A narrative that often features folkloric characters such as fairies, elves, trolls, or witches engaged in fantastic or magical events that illuminate universal truths. Fairy tales usually exist in a time-suspended context, with minimal references to actual events, people, and places. They are often short and intended for children, although there are exceptions to that rule. Common elements: conflict between good and evil, talking animals, royalty, archetypes, use of traditional beginnings and endings, i.e., “Once upon a time...” and “...happily ever after.” Fairy Tale books include Jacob and Wilhelm Grimm’s Complete Grimm’s Fairy Tales and Catherynne M. Valente’s The Girl Who Circumnavigated Fairyland In A Ship Of Her Own Making. Fairy tale films include Snow White and the Seven Dwarfs (1937) and The Princess Bride (1987).



An imaginative story that typically weaves magic or other supernatural phenomena into a self-coherent plot or setting (e.g. magic spells, mythical creatures, fabled kingdoms, witchcraft, wizardry, medieval universes). Unlike science fiction and horror stories, fantasy stories usually avoid deeply scientific themes or macabre plots. They tend to take place in imaginary worlds where magic and magical creatures are common, and they may serve as a bridge between medievalism and popular culture. Common elements: magic, mythological undertones, internal coherence, adventure. Fantasy books include J.R.R. Tolkien's The Lord of the Rings,  J.K. Rowling’s Harry Potter series, and George R. R. Martin’s Game of Thrones series. Fantasy films include Willy Wonka & the Chocolate Factory (1971) and Pan's Labyrinth (2006).


Ghost Story

A frightening story premised on the possibility of ghosts, which may appear by their own volition or through summoning by magic. Ghost stories are usually scary, leveraging suspense, a sense of the uncanny, and supernatural occurrences to elicit feelings of fear and foreboding. Ghosts appear in literature as early as Homer’s Odyssey, which chronicles the hero encountering spirits of the dead during a journey to the underworld. Common elements: hauntings, supernatural intervention, chilling and suspenseful atmospheres.

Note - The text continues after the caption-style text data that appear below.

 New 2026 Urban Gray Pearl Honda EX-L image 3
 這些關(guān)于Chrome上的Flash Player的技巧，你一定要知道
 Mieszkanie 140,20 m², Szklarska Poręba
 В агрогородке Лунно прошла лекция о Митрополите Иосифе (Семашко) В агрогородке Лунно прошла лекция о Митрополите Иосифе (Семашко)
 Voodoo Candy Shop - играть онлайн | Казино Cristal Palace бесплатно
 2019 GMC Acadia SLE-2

Ghost story books include Alvin Schwartz’s Scary Stories to Tell in the Dark and Stephen King’s Doctor Sleep. Ghost story films include The Shining (1980) and The Sixth Sense (1999).


Historical Fiction

A story that takes place in a setting drawn from history. Historical fiction is usually presented from the perspective of the historical characters, whose behavior is consistent with the manners and social norms of the time. Scenes and dialogue are well researched and imaginatively reconstructed to be as authentic as possible.  Common elements: believability, historically-accurate detail, authentic dialogue, historical settings and persons.  While there are no rules on how far in the past a story must be set to qualify it as a historical fiction piece, many are in agreement that the story must be set at least 25 years or more in the past.  Historical fiction books include Michael Shaara’s The Killer Angels and Toni Morrison’s Beloved. Historical fiction films include Schindler’s List (1993) and Letters from Iwo Jima (2006).

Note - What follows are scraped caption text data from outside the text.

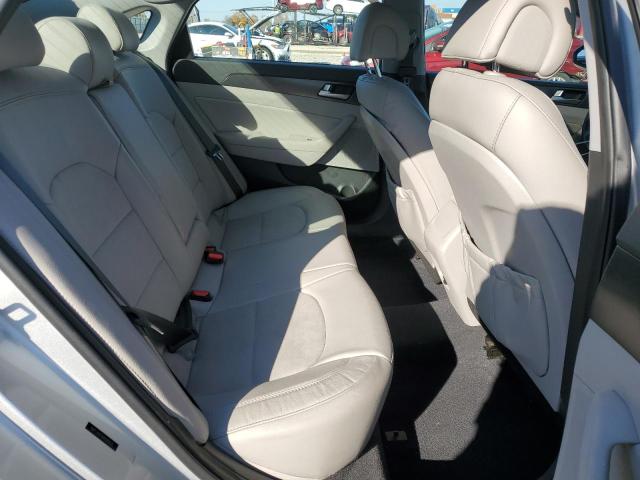 5NPE34AF9HH582931 - 2017 HYUNDAI SONATA SPORT GRAY photo 10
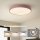 Brilagi - LED stropné svietidlo POOL LED/60W/230V 3000/4000/6000K pr. 50 cm ružové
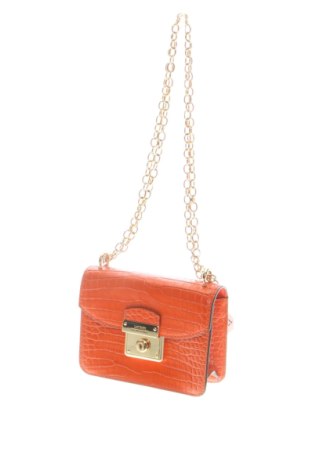 Geantă de femei Ralph Lauren, Culoare Portocaliu, Preț 1.128,55 Lei, #137928445
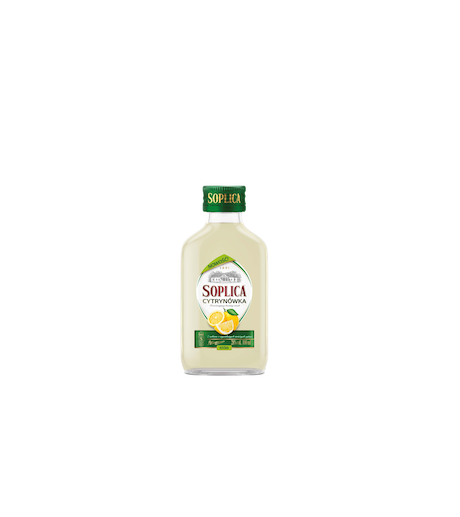 SOPLICA  Cytrynówka 12x90ml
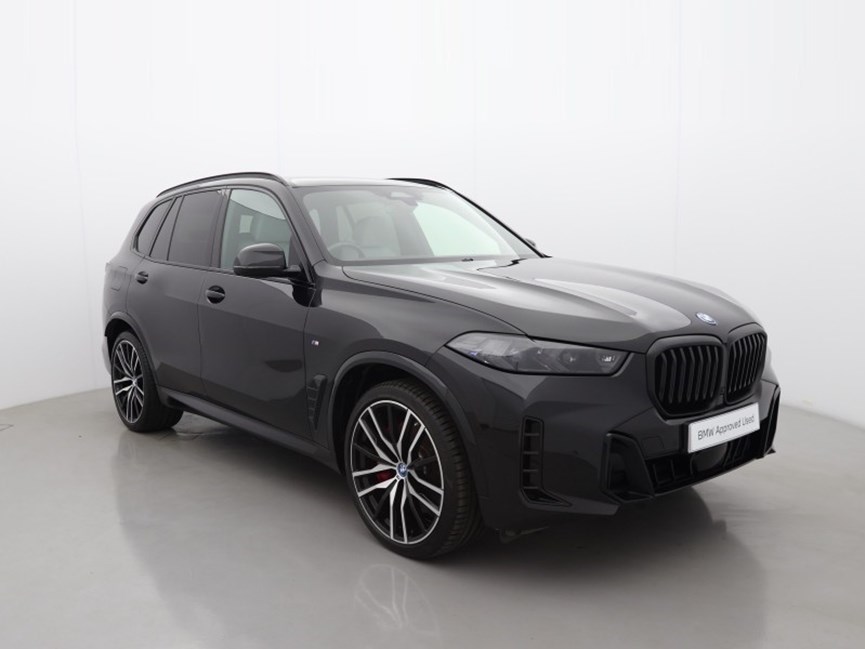 2024 (74) BMW X5 xDrive50e M Sport 5dr Auto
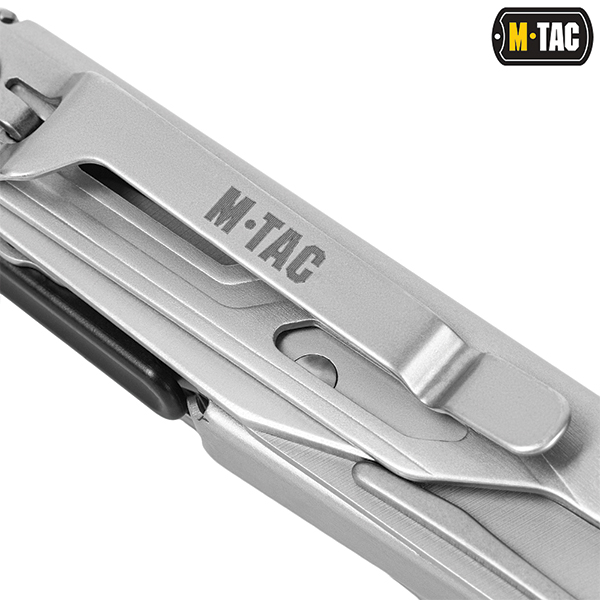 M-Tac ніж складний (5 інструм.) Type 3 Steel. Фото 9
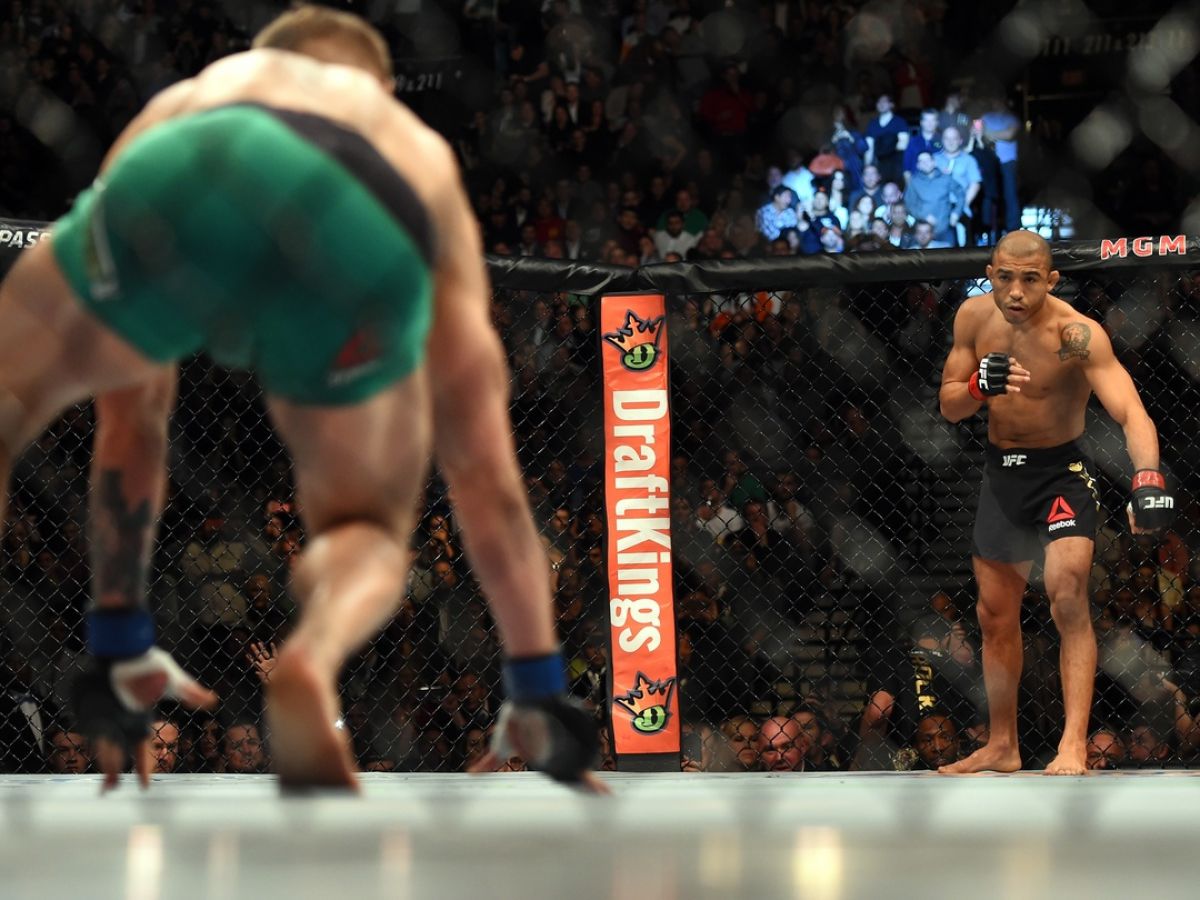 Aldo I never turned down Conor McGregor rematch, my coach did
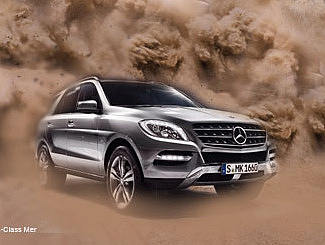 沙尘暴汽车海报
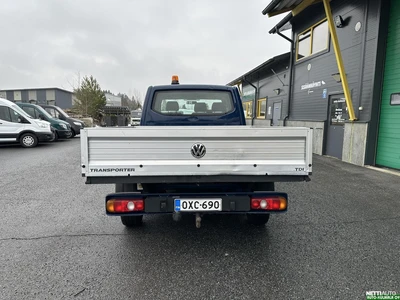Volkswagen Transporter 2017, photo 7/20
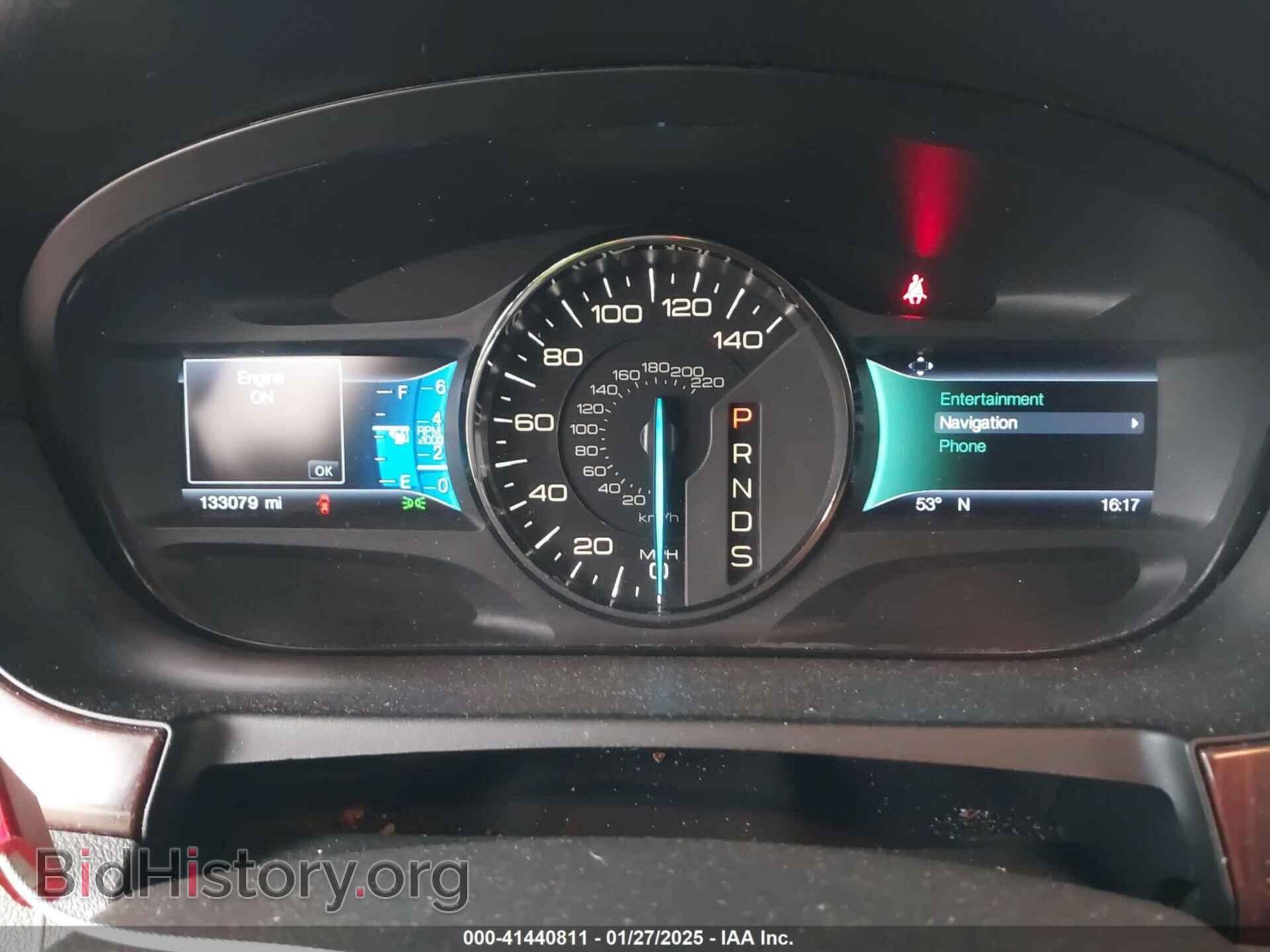 2014 FORD EDGE - VIN: 2FMDK3KC7EBA05508 - Photo 7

A story intended to provoke an emotional, psychological, or physical fear response in the audience. Horror stories frequently contain supernatural elements, though not always, and the central menace may serve as a metaphor for the fears of society. Common elements: eerie atmosphere, morbid themes, heightened suspense, focus on death and evil, uncanny situations and persons. Horror books include Mary Shelley’s Frankenstein and Stephen King's It. Horror films include The Exorcist (1973) and Poltergeist (1982).



A story that frequently involves a mysterious death or a crime to be solved, though not always. The main character is often a detective who must consider a small group of suspects--each of whom must have a reasonable motive and opportunity for committing the crime. The detective eventually cracks the code by logical deduction from clues presented to the reader or filmgoer. Common elements: overt clues, hidden evidence, inference gaps, suspense, foreshadowing, red herrings. Mystery books include Agatha Christie’s And Then There Were None and Truman Capote’s In Cold Blood.  Mystery films include Clue (1985) and The Usual Suspects (1995).


Political Satire

A story that uses irony and sarcasm to expose human folly and vice in the political arena. Political satires often critique the status quo and, in doing so, offer alternatives and possibilities for improvements. Solutions are not a requirement of political satire. Instead, satire’s job is to reveal problems and contradictions--it is not obligated to solve them. Common elements: wit, irony, sarcasm, parody, exaggeration, juxtaposition, double entendre. Political satire books include George Orwell’s 1984 and James Finn Garner’s Politically Correct Bedtime Stories. Political satire films include Dr. Strangelove (1964) and Wag the Dog (1997).  In addition, most sketches involving actors playing real-world political characters on sketch comedy shows such as Saturday Night Live are considered political satire.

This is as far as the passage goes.